I would divide the narration into four parts:
In 1945, John von Neumann, during his work on ENIAC (Electronic Numerical Integrator and Computer), described the design of computer architecture, which lies as a basis for all computing architectures we have today, CPU and GPU. The main idea is to fetch the processor instructions from some storing device and execute them by the computation unit. Starting from that point, a computing device was born, and the race to reach computation limits, the number of floating-point operations per second, to be precise, has been started.
The developers of early CPUs (Central Processing Units), noticed many bottlenecks: the frequency of CPU clocks should grow to fetch processor commands fast enough, and the ratio of clock speed to memory limits the overall operation speed of a device.
Figure on the left shows the architecture of a single-core processing unit with multiple levels of caching to increase local throughput for some «repeated» operations. This is the key improvement which related to the topic of our course directly.
The cache was born because it appeared to be inefficient, running the same instruction when only data is changed. The same could be said about data, with the difference only in the instructions. The combination of performance improvements we know as 1, 2, and 3 cache levels.
At first, the developers of processors relied on CPU frequency as the main performance metric. Gordon Moore, one of the founders of Intel, made an observation which we know as Moore’s law that says «The number of transistors doubles every two years».
But history has proven that it’s an incorrect, or not entirely correct, prediction. The clock rate limit is around 4 GHz. As the number of transistors grows, so does the physical size of the silicon used to make the processors. The larger the chip, the more losses it experiences and complicates the manufacturing process. An increase in the clock rate increases power consumption. An increase in power consumption increases heat. Heat also increases the power consumption. Thus, the less performant a processor becomes at last. The processor builders need something else to allow the computational race to proceed.

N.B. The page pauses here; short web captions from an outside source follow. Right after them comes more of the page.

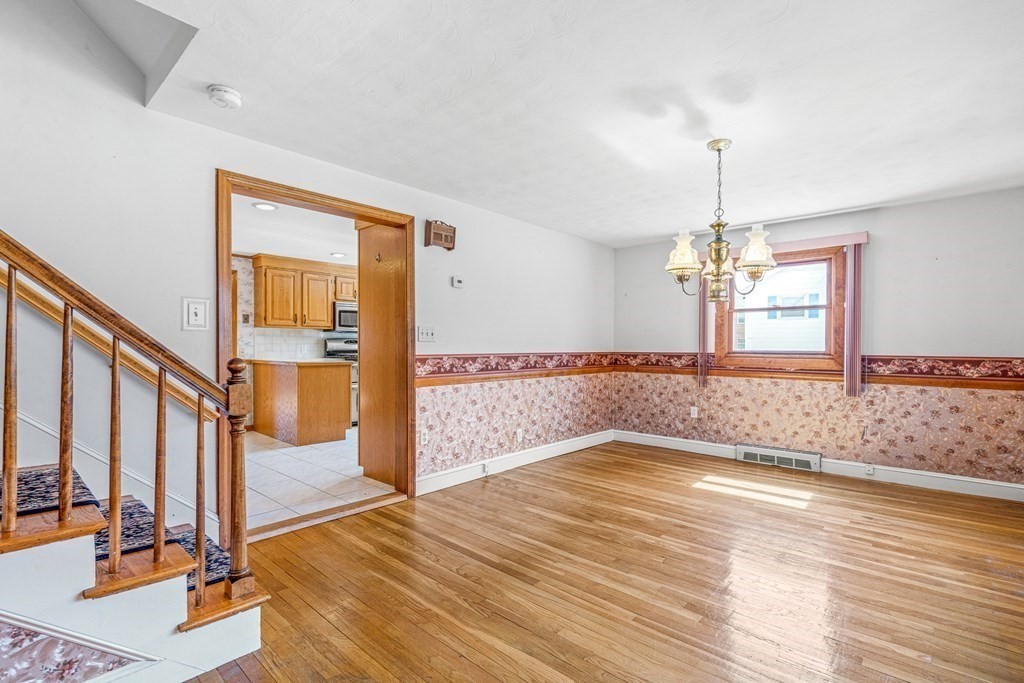 72 Cambridge Road Woburn, MA 01801 - Photo 5 of 41 Gallery Image 5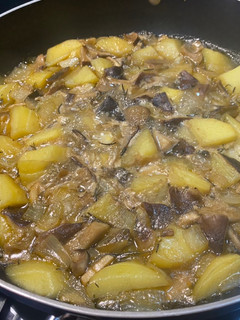 Una foto de Setas de cardo con patatas en salsa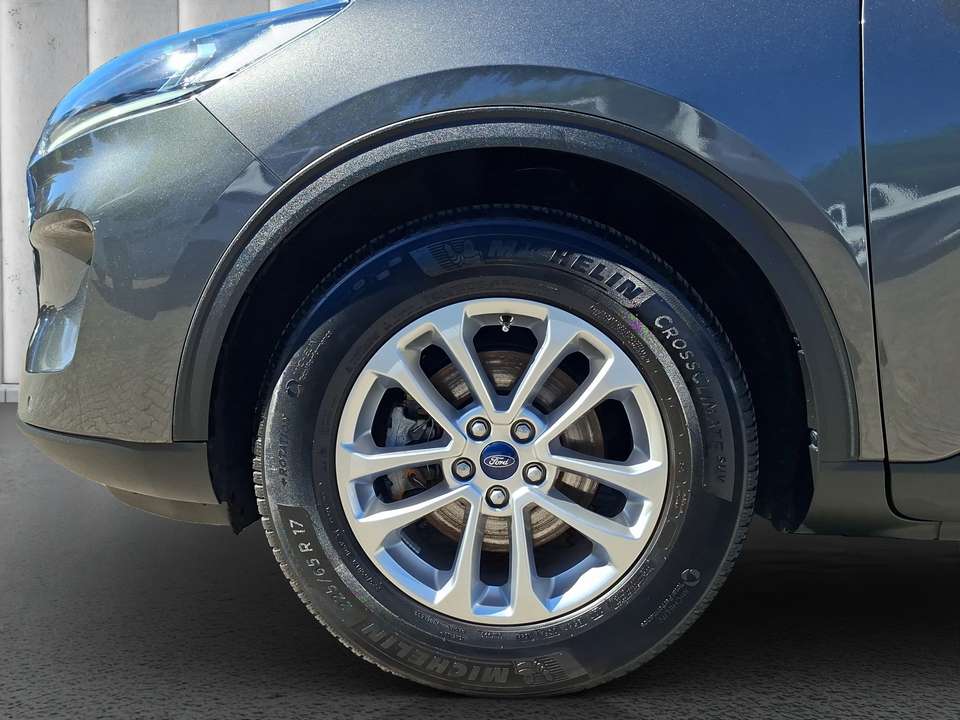 Ford Kuga - Imagem 9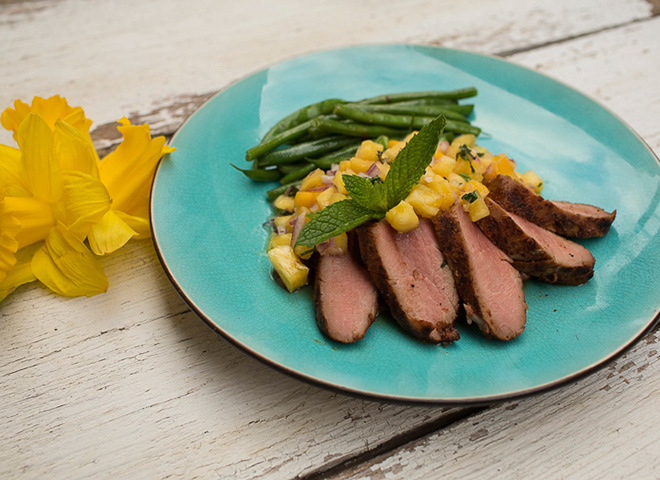 glazed pork enderloi with pineappl salsa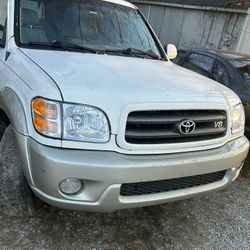 2004 Toyota Sequoia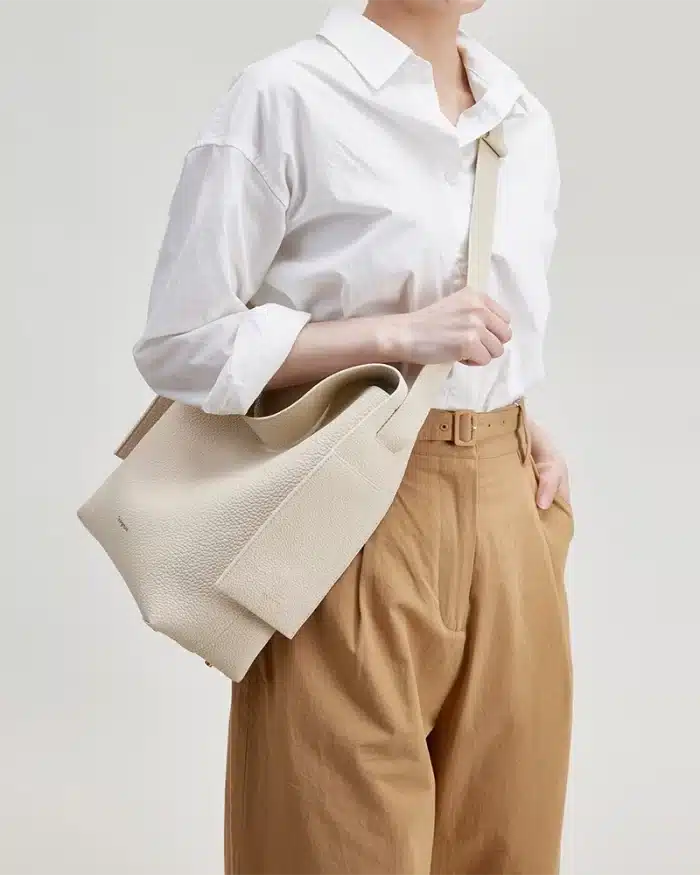 Songmont Medium Drippy Tote Bag - Image 4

The first computers were huge and costly. They consume an enormous amount of power. Seymour Cray, one of the pioneers of supercomputing, built Cray-1, the first supercomputer, which contained many computing devices connected in one giant computer to reach unbelievable computation performance in $160$ MFLOPS ($10^6$ floating-point operations per second).
The lower environment also improved, and CPU developers came up with the multicore design of a computation device. Gluing everything together with the size limitation and multiple already existing CPU instructions in mind, the architecture from figure below appears.
In 1982, the Thinking Machines Corporation came up with a very interesting design. They connected 4096 16-core CPUs in one machine. IBM on another side created a device named «Cell» processor, connecting many high-speed «Stream Processors» together and using them from the general-purpose PC. «Cell» processor has a similar design as the first GPUs.
The combination of design solutions, described earlier, gave birth to the GPU (Graphics Processing Unit) architecture we’re using today in general-purpose GPU computations, computer graphics and video games.
Looking at the efficiency in parallel computation, many cores, and the optimizations GPU has, it’s natural that computational frameworks appeared. Nvidia created CUDA (Compute Unified Device Architecture) targeting their devices. Apple and ATI created OpenCL to unify the coverage, utilizing all possible multicore GPU solutions. Microsoft added Direct Compute functionality to DirectX. Not to mention combined solutions such as Open MP.
To conclude this, I’d like to mention the fact that the «CUDA Programming» book was written in 2012, but the area of computer devices is growing very fast, and the numbers, presented here are obsolete significantly. In the next figure, I’ve put some predictions of GPU computational growth made by NVIDIA. The CPU field doesn’t stay still as well, AMD released Rizen Threadripper with 96 CPU cores and 192 threads. The CPU is much more featured than the GPU in terms of diversity. So, let’s see how the market will grow.